What you will do ▸ Of all the lines below, output only those starting at the one with "Жесткий диск SSD 240.0 Gb; OCZ Vertex 3.20" and ending at the one with "Dražba ubytování, Praha", both ends included, exactly as written.
BEGIN Task material
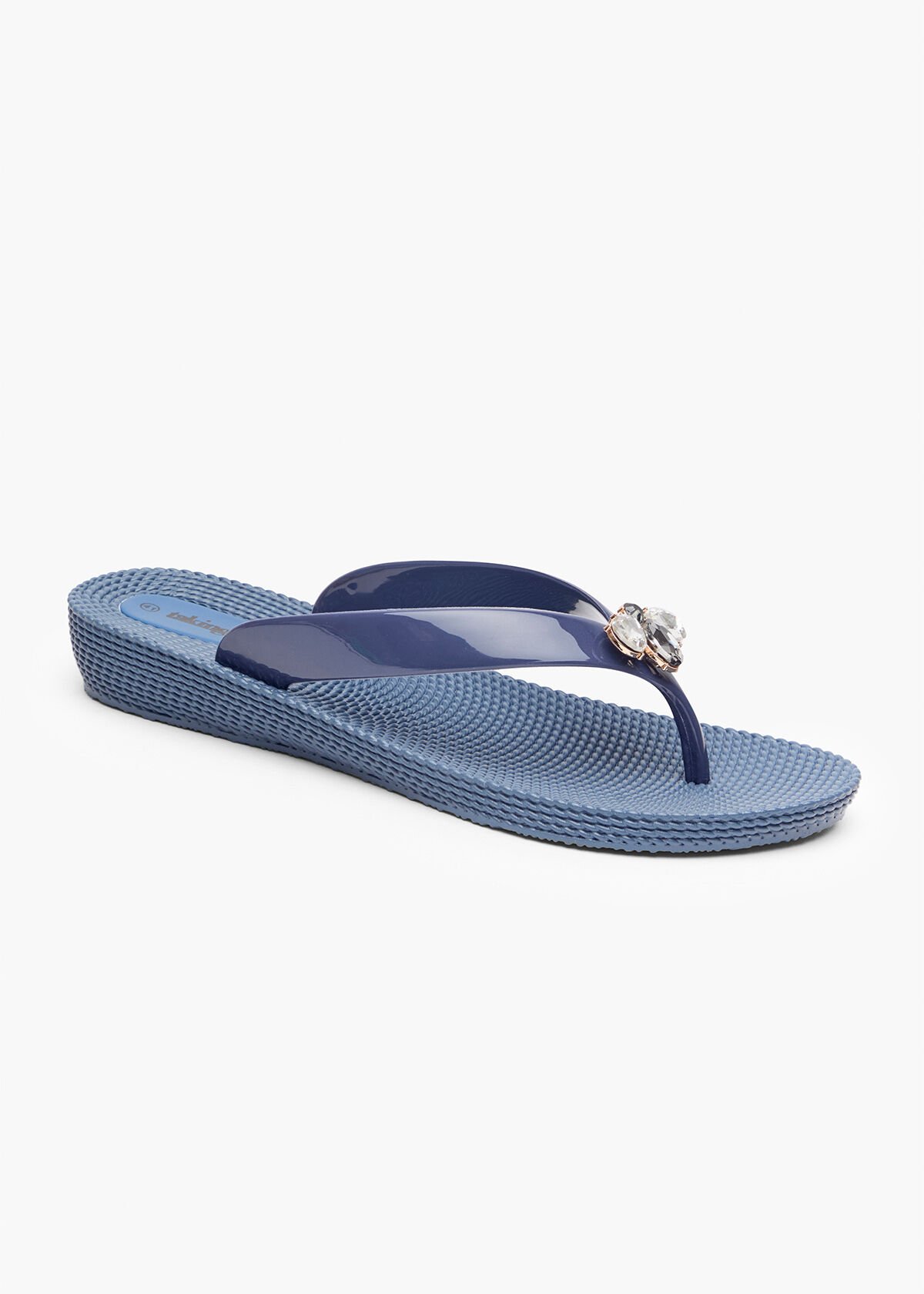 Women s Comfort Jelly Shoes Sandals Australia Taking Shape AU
END Task material
BEGIN Task material
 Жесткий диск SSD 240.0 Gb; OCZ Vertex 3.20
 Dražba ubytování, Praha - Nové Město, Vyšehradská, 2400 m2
END Task material
Exercise result ▸
 Жесткий диск SSD 240.0 Gb; OCZ Vertex 3.20
 Dražba ubytování, Praha - Nové Město, Vyšehradská, 2400 m2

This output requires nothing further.